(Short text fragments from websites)
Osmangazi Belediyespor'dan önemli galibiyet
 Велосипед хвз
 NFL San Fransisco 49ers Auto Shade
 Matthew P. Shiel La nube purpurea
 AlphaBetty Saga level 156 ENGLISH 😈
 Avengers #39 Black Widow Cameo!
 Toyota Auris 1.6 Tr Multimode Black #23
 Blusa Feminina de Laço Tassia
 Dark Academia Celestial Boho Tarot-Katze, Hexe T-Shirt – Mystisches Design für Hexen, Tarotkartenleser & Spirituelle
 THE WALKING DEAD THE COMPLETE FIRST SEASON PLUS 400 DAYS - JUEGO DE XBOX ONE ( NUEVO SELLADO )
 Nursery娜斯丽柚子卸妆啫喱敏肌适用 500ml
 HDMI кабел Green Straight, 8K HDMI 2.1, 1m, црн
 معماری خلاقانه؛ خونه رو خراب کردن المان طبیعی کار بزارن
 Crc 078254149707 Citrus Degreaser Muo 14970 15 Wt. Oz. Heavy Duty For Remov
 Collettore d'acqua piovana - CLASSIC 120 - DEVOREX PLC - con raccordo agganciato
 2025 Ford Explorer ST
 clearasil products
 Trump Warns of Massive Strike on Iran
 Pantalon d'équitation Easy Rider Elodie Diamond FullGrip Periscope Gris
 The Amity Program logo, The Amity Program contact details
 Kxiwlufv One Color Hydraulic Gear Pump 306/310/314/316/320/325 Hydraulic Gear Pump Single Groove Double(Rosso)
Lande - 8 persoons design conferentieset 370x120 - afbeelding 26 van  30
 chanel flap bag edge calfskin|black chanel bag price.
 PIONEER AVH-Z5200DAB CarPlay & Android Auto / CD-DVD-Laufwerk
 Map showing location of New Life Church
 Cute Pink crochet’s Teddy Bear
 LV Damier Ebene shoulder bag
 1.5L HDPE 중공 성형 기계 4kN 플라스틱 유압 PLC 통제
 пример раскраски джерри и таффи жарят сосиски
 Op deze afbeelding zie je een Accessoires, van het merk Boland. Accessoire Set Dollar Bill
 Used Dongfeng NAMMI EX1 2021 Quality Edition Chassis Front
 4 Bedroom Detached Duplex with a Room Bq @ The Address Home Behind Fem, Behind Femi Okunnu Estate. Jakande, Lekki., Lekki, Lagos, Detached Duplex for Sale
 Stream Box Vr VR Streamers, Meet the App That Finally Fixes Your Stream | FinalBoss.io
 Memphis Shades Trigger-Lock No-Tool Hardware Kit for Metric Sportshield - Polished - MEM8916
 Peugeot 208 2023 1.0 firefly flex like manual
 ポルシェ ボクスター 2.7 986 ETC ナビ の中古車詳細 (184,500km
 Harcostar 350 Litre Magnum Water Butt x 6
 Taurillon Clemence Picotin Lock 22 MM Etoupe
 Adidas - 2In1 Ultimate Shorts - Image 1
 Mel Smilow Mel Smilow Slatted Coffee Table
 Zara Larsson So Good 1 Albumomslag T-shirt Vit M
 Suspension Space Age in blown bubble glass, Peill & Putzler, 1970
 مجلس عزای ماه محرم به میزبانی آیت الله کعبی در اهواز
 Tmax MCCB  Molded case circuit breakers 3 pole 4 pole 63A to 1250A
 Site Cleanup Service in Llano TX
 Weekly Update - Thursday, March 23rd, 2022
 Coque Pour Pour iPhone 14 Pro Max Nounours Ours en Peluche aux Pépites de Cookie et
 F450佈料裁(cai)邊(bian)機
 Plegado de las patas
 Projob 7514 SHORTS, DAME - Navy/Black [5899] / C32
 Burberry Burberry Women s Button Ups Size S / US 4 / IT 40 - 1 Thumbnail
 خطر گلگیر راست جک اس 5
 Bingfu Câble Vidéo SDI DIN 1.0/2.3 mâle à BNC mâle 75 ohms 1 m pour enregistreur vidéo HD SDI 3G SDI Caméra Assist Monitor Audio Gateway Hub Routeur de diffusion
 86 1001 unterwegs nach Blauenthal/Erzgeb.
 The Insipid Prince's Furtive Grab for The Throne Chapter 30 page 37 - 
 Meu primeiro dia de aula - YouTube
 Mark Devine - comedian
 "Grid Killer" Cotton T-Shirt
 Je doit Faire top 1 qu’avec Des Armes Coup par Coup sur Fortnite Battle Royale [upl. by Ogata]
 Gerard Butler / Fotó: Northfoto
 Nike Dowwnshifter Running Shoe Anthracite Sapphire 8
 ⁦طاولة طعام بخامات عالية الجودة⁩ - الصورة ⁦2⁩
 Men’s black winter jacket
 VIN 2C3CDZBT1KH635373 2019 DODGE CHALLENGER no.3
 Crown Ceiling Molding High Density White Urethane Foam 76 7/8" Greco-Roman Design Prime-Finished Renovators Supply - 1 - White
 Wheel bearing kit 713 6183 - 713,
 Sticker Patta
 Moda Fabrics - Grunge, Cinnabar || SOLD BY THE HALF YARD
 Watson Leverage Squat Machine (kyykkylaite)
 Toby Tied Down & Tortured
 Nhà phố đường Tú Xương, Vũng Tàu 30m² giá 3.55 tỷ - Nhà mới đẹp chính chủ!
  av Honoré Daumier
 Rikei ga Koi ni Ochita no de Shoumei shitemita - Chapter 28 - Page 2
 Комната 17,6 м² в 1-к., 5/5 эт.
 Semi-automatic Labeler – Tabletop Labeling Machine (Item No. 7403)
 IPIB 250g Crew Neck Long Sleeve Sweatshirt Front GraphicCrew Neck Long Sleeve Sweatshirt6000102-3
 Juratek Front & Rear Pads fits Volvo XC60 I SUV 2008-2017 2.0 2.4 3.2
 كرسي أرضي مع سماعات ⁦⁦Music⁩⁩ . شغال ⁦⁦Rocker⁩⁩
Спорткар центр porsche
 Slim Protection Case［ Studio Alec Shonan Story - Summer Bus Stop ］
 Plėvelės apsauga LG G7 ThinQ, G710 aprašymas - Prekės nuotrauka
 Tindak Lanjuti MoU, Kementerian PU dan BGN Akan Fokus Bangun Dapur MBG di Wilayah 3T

### What the task asks:
Retype exactly the lines of the data above, starting at its first line and finishing with the line that has "Blusa Feminina de Laço Tassia" in it.

### Exercise solution:
Osmangazi Belediyespor'dan önemli galibiyet
 Велосипед хвз
 NFL San Fransisco 49ers Auto Shade
 Matthew P. Shiel La nube purpurea
 AlphaBetty Saga level 156 ENGLISH 😈
 Avengers #39 Black Widow Cameo!
 Toyota Auris 1.6 Tr Multimode Black #23
 Blusa Feminina de Laço Tassia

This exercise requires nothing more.